In this tutorial, you'll learn how to get data from SQL Server, and then use the rxImport function to put the data of interest into a local file. That way, you can analyze it in the local compute context repeatedly, without having to re-query the database.
The rxImport function can be used to move data from a data source into a data frame in session memory, or into an XDF file on disk. If you don't specify a file as destination, data is put into memory as a data frame.
Extract a subset of data from SQL Server to local memory
You've decided that you want to examine only the high risk individuals in more detail. The source table in SQL Server is big, so you want to get the information about just the high-risk customers. You then load that data into a data frame in the memory of the local workstation.
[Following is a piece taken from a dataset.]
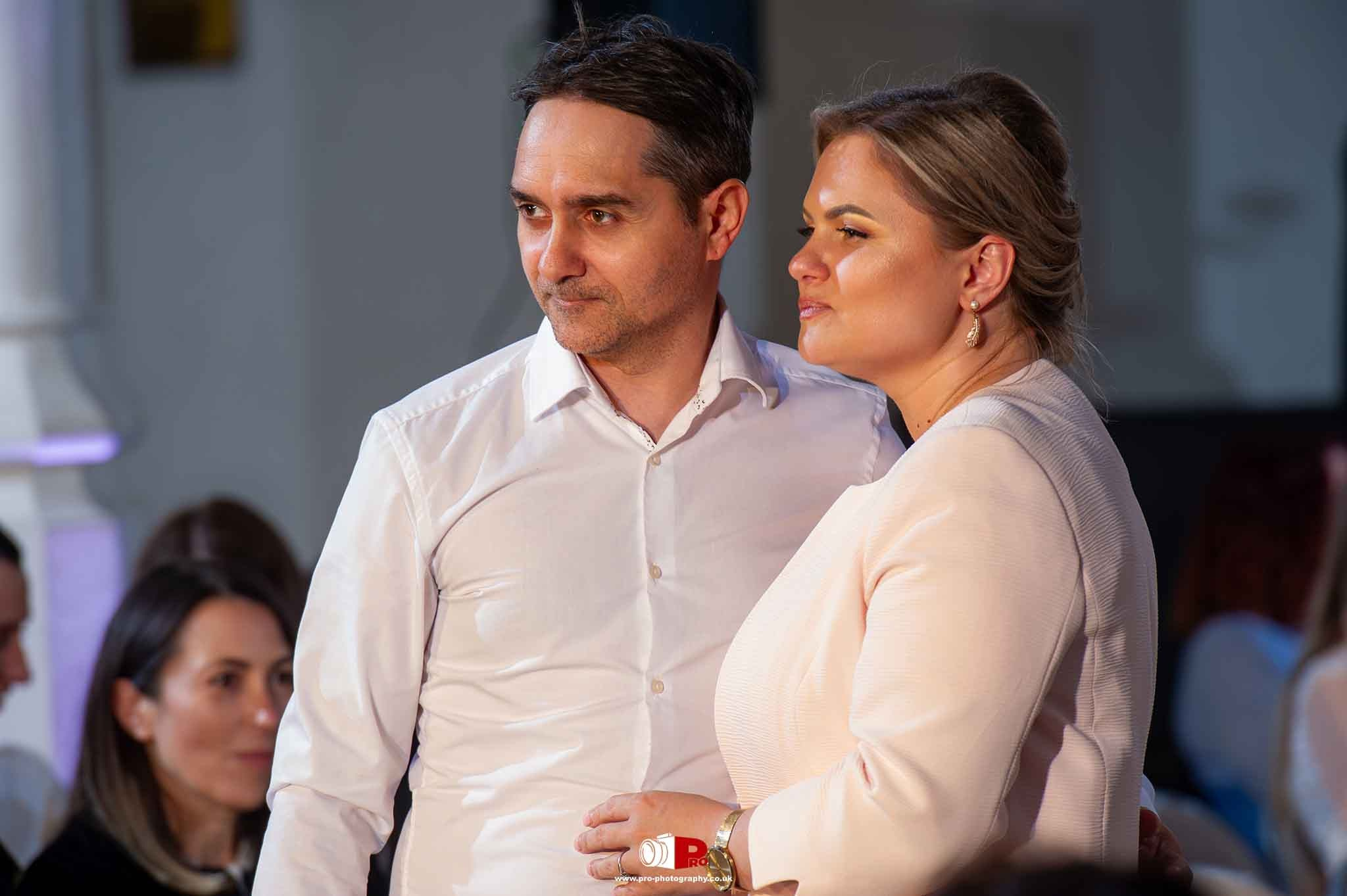 A couple posing warmly during a formal gala event dressed elegantly.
Reset the compute context to your local workstation.
rxSetComputeContext("local")
Create a new SQL Server data source object, providing a valid SQL statement in the sqlQuery parameter. This example gets a subset of the observations with the highest risk scores. That way, only the data you really need is put in local memory.
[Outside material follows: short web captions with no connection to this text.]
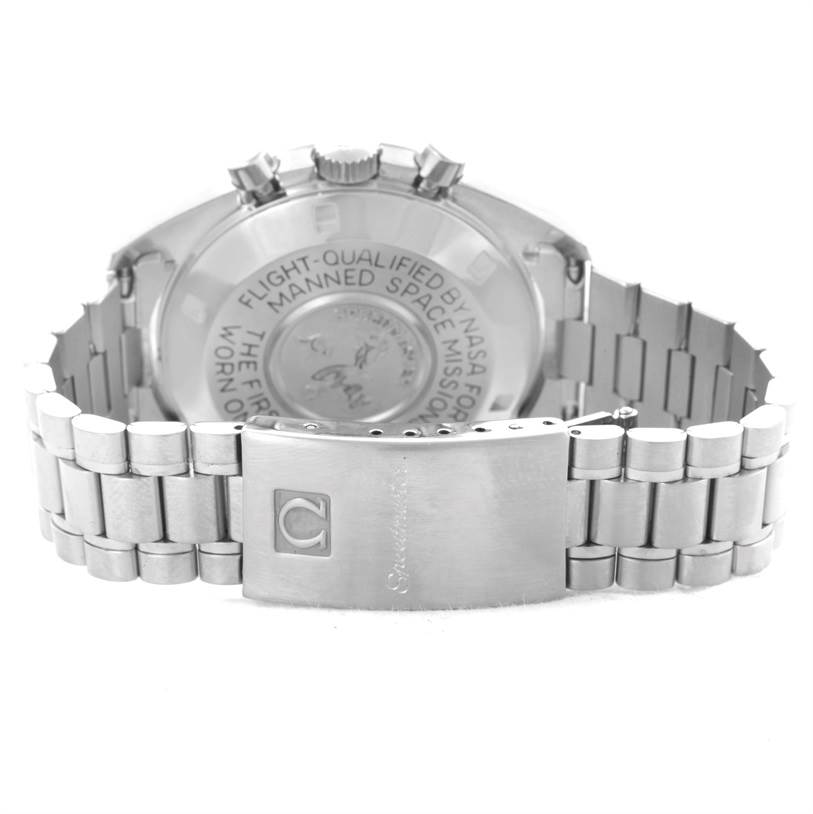 The image shows the back case and clasp bracelet of an Omega Speedmaster Men
s Stainless Steel Black Dial Men
s Stainless Steel Black Dial watch from a rear angle.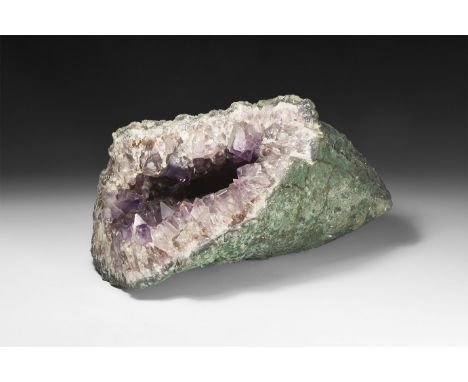 A large cut geode half with large cavity filled with white and pale purple crystals.  7.56kg, 27cm (10 1/2"). From a historic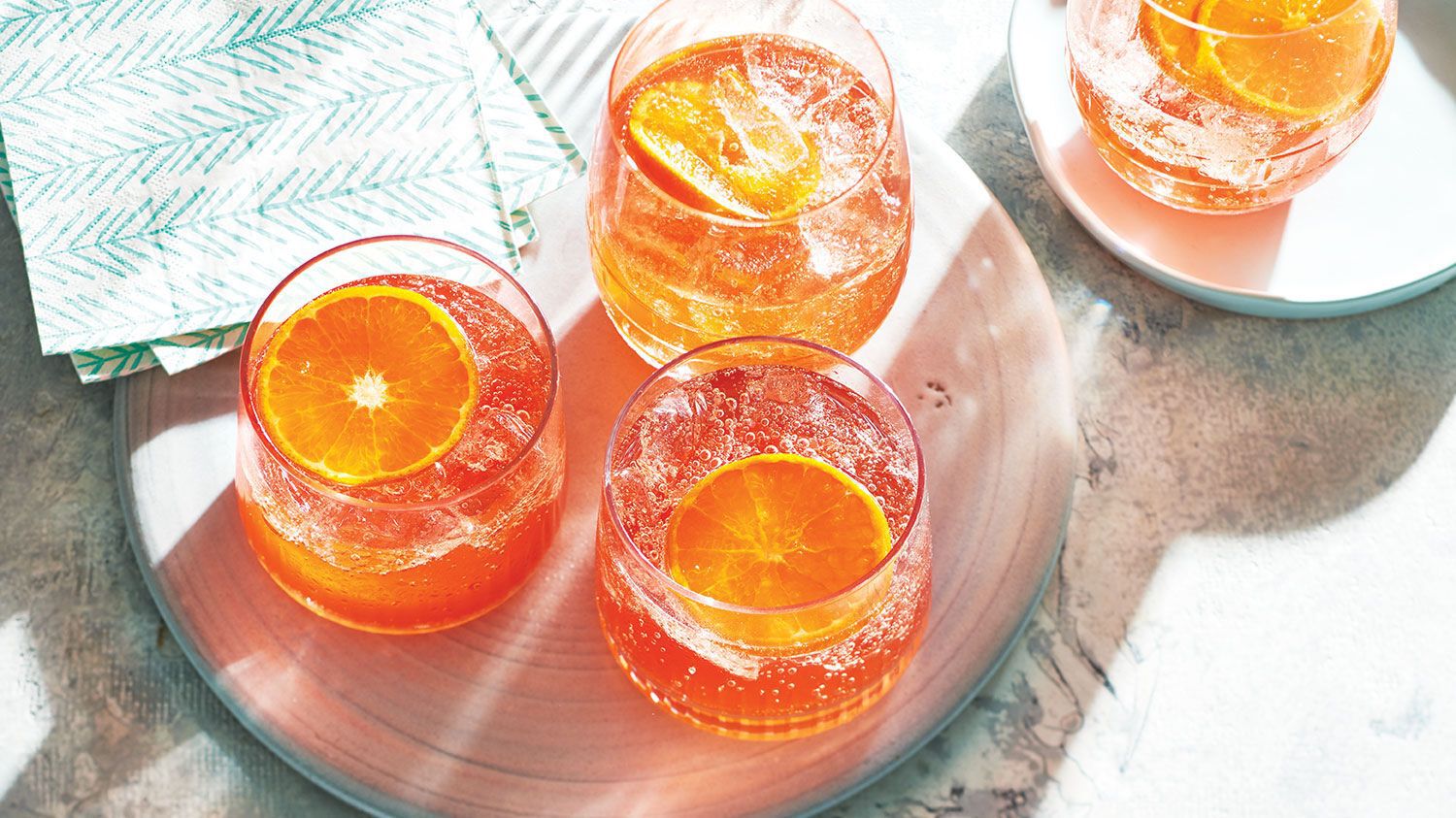 An image shows glasses of mandarin orange mocktail.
sqlServerProbDS \<- RxSqlServerData( sqlQuery = paste("SELECT * FROM ccScoreOutput2", "WHERE (ccFraudProb > .99)"), connectionString = sqlConnString)
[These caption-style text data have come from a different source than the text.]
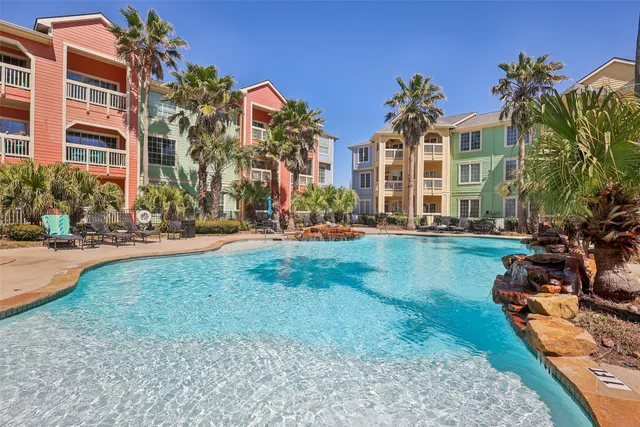 a front view of a house with yard and green space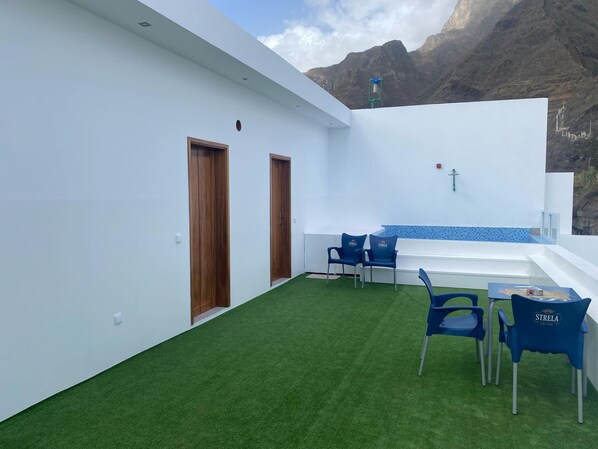 Un espacio exterior moderno con césped artificial, dos puertas de madera y una disposición de asientos con sillas azules.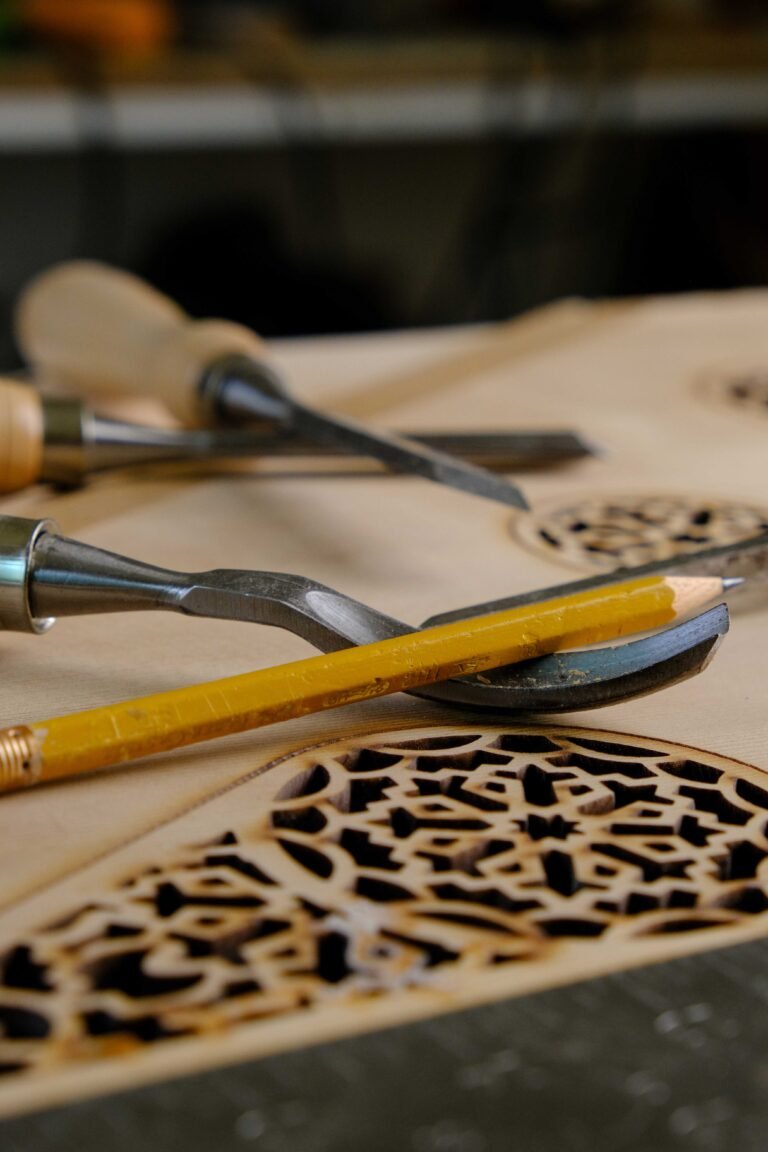 Qanun instrument under construction with tools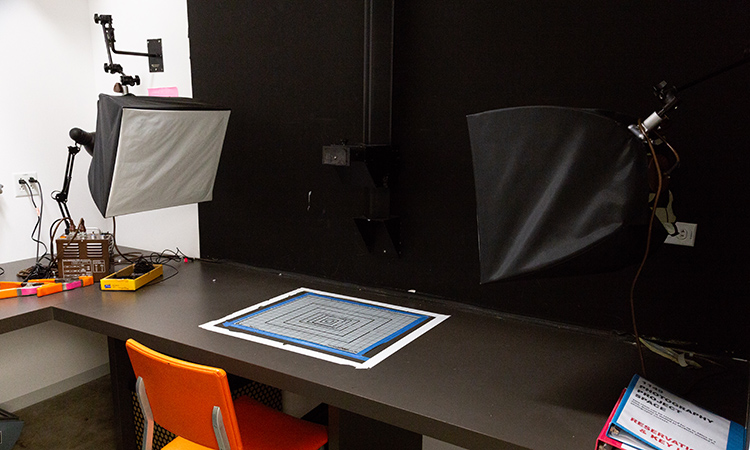 Photo lights and work area in the Photography copy stand room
Call the function rxImport to read the data into a data frame in the local R session.
highRisk <- rxImport(sqlServerProbDS)
If the operation was successful, you should see a status message like this one: "Rows Read: 35, Total Rows Processed: 35, Total Chunk Time: 0.036 seconds"
Now that the high-risk observations are in an in-memory data frame, you can use various R functions to manipulate the data frame. For example, you can order customers by their risk score, and print a list of the customers who pose the highest risk.
orderedHighRisk <- highRisk[order(-highRisk$ccFraudProb),] row.names(orderedHighRisk) <- NULL head(orderedHighRisk)
Results
ccFraudLogitScore state gender cardholder balance numTrans numIntlTrans creditLine ccFraudProb1
9.786345 SD Male Principal 23456 25 5 75 0.99994382
9.433040 FL Female Principal 20629 24 28 75 0.99992003
8.556785 NY Female Principal 19064 82 53 43 0.99980784
8.188668 AZ Female Principal 19948 29 0 75 0.99972235
7.551699 NY Female Principal 11051 95 0 75 0.99947516
7.335080 NV Male Principal 21566 4 6 75 0.9993482
More about rxImport
You can use rxImport not just to move data, but to transform data in the process of reading it. For example, you can specify the number of characters for fixed-width columns, provide a description of the variables, set levels for factor columns, and even create new levels to use after importing.
The rxImport function assigns variable names to the columns during the import process, but you can indicate new variable names by using the colInfo parameter, or change data types using the colClasses parameter.
By specifying additional operations in the transforms parameter, you can do elementary processing on each chunk of data that is read.